Fri Jan 24 03:43:26 UTC 2014

On Fri, 2014-01-24 at 00:55 +0100, Kevin Kofler wrote:

> Last time an issue like that happened (the D-Bus regression that broke 
> updates),

That was my fault.  Something which left an impact on me, you can be
sure.  Like SELinux, DBus impacts everything nearly everything in early
userspace.

In fact, this particular regression is exactly one of the reasons I made
OSTree.  With both this and the SELinux bug, knowing you can *always*
reboot into the previous system state and recover makes things
fundamentally better for a fast-moving system like Fedora.

Note OSTree is fully capable of *atomic* upgrades to SELinux - where
your running system is untouched, with the old policy.  When you reboot,
you have the new policy, with the new daemon code.  

With the RPM live updates model by default, you have old policy, until
rpm reloads it in the middle of a "transaction", restarts some daemons,
but not all of them, leaving you some *old* code with *new* policy -
something hard to test because you have to go out of your way to
reproduce it.  You can't boot into that state directly.
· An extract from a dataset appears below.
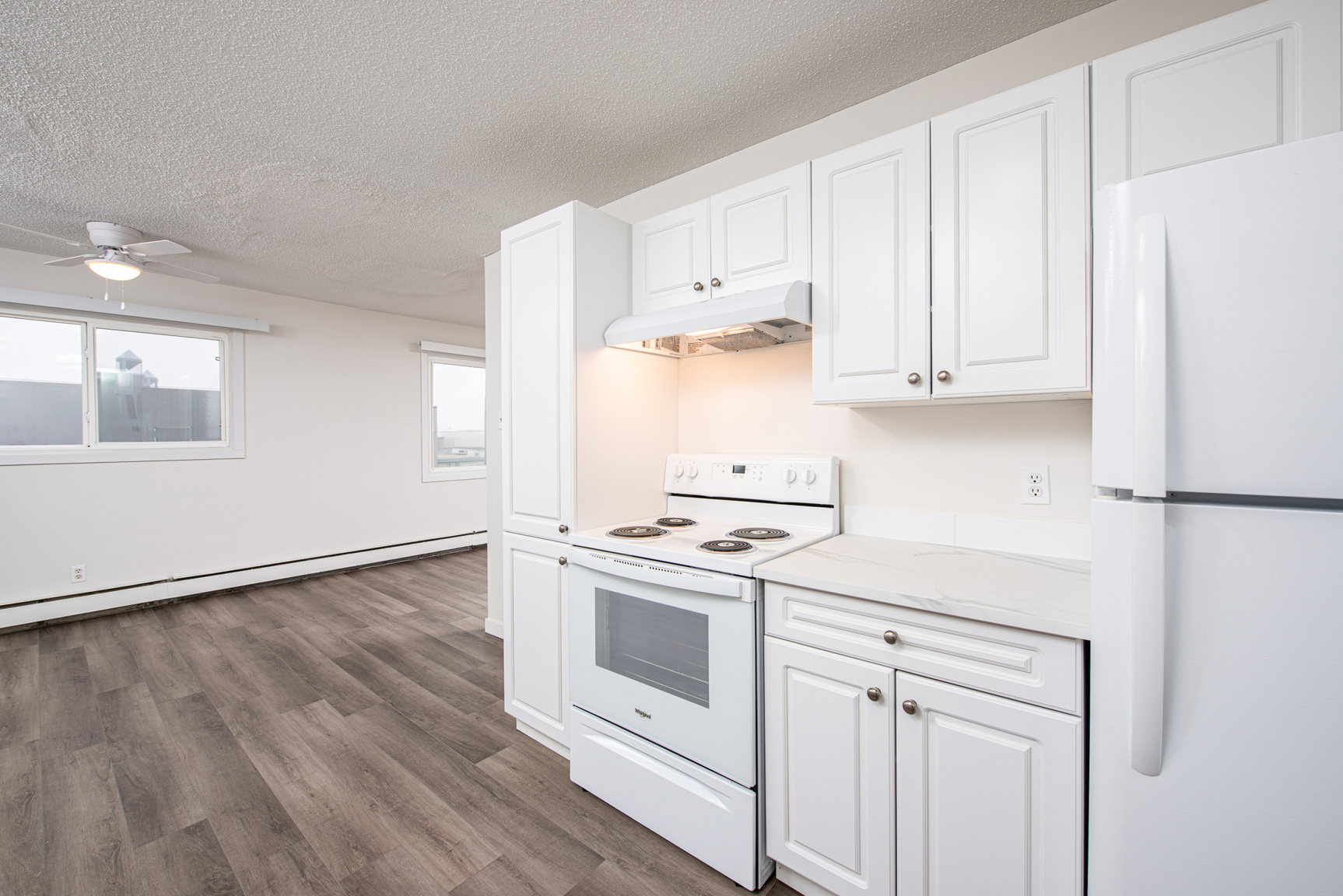Pioneer Apartments - Photo 12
Secondarily, on the server side, as many people have noted - this type
of thing can be caught by automated testing.  It's not hardware
specific.

OSTree pairs extremely well with automated testing, because it allows
fast incremental updates for offline VMs.  I've had this working for
about a year in the gnome-continuous context, and I can bring it to
rpm-ostree too.  As in "a week or two".

So no, SELinux doesn't need to be disabled.  We can make it much better
- if we step beyond the current philosophy of "test a package" to "test
many system states as atomic units".